The bad thing about setting up a kill chute like the one we were in is that it can just as easily turn into a “die” chute. The good thing about setting up a kill chute—the reason that people keep using them, and have been using them since the Rising—is that as long as your ammo holds out and you don’t lose your head, you can do a hell of a lot of damage without letting the dead get within more than about ten feet of you.

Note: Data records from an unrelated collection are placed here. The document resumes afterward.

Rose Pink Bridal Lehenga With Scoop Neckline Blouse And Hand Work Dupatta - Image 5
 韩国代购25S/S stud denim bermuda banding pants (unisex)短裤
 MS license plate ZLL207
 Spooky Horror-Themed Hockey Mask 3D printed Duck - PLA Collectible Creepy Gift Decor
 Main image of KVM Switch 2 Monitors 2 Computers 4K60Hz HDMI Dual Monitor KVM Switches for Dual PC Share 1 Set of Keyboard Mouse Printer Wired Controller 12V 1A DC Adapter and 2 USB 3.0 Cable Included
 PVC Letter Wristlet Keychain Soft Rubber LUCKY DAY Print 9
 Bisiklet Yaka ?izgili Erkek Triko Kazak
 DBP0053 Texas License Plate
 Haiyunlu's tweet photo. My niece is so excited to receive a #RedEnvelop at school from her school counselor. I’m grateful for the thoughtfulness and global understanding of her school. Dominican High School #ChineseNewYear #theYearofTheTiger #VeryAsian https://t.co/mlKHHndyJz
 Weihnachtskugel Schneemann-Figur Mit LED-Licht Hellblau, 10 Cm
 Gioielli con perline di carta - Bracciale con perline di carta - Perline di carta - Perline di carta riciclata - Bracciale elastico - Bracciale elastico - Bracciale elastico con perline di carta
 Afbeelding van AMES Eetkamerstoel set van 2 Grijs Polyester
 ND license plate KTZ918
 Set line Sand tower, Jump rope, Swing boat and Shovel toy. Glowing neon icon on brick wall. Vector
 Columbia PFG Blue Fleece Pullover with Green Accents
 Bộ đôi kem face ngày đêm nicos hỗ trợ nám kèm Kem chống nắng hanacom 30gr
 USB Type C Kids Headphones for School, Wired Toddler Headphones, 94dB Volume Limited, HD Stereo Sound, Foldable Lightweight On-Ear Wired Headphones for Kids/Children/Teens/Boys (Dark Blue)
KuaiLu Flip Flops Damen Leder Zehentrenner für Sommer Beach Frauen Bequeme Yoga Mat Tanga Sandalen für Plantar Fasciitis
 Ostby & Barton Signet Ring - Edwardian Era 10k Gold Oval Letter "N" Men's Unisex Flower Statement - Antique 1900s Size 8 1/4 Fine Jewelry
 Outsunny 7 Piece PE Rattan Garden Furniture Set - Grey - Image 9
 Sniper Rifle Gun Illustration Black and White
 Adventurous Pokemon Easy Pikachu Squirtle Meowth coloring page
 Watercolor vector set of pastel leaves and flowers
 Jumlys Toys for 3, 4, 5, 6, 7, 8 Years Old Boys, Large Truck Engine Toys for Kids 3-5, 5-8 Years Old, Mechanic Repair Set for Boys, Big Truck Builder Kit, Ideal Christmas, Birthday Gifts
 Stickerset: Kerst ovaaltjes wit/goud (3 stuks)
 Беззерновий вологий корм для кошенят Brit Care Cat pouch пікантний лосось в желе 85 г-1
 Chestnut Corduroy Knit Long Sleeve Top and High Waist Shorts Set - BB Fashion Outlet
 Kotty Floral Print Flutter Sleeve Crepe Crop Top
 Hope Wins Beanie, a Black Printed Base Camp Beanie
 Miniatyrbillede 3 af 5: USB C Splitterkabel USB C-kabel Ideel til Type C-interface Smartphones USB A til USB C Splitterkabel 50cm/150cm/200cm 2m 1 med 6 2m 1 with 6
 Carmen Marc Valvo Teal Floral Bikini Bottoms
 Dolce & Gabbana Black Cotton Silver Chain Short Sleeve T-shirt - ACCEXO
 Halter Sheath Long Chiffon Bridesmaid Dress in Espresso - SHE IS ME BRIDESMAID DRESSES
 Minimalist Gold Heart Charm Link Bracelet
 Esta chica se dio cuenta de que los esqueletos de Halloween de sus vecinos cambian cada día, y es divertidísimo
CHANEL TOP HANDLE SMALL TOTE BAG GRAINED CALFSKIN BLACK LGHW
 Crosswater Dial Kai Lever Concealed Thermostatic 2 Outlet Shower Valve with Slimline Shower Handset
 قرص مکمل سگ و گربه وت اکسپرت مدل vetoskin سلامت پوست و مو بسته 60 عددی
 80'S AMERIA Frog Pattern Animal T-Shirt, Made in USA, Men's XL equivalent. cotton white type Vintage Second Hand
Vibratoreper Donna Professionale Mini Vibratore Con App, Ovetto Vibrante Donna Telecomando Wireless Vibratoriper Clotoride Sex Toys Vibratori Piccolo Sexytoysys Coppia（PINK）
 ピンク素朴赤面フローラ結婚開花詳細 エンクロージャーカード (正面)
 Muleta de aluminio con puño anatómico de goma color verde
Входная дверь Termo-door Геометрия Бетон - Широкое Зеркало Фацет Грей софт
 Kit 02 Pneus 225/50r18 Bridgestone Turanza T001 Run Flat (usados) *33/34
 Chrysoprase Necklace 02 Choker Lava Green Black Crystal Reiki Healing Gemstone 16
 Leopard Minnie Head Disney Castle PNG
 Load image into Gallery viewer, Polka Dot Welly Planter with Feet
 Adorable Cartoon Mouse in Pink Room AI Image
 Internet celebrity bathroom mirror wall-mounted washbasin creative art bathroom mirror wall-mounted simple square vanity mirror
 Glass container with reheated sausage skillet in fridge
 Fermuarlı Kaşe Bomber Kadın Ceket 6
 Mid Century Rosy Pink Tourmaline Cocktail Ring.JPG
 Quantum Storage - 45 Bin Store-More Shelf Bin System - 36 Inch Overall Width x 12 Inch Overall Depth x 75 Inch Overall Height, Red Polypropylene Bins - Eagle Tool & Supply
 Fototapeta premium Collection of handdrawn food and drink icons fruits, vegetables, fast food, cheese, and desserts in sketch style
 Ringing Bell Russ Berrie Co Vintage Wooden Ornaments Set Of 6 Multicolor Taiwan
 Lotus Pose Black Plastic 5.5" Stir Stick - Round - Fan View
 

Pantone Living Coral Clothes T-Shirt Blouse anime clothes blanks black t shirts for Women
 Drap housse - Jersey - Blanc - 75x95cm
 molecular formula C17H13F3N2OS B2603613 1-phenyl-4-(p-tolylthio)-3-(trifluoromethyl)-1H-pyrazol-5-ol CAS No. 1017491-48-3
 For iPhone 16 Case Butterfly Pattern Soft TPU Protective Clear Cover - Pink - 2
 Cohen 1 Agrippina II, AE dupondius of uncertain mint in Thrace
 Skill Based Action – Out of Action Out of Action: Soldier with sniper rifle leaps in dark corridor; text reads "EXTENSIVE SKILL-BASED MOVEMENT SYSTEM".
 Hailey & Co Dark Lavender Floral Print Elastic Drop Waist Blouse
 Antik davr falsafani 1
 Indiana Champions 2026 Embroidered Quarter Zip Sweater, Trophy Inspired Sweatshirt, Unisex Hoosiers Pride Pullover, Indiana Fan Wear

The injuries to our mob were extensive enough that most of them weren’t moving very quickly, and the ones who’d been shielded from the worst of the blast by the bodies of their companions were hampered in their efforts to move forward by those same bodies. The fast zombies got mired in the slow zombies, and their efforts to break free of the mob just slowed everything down a little more. Becks and I didn’t bother aiming for the fast ones. We just went for the head and throat shots, and kept on knocking them down.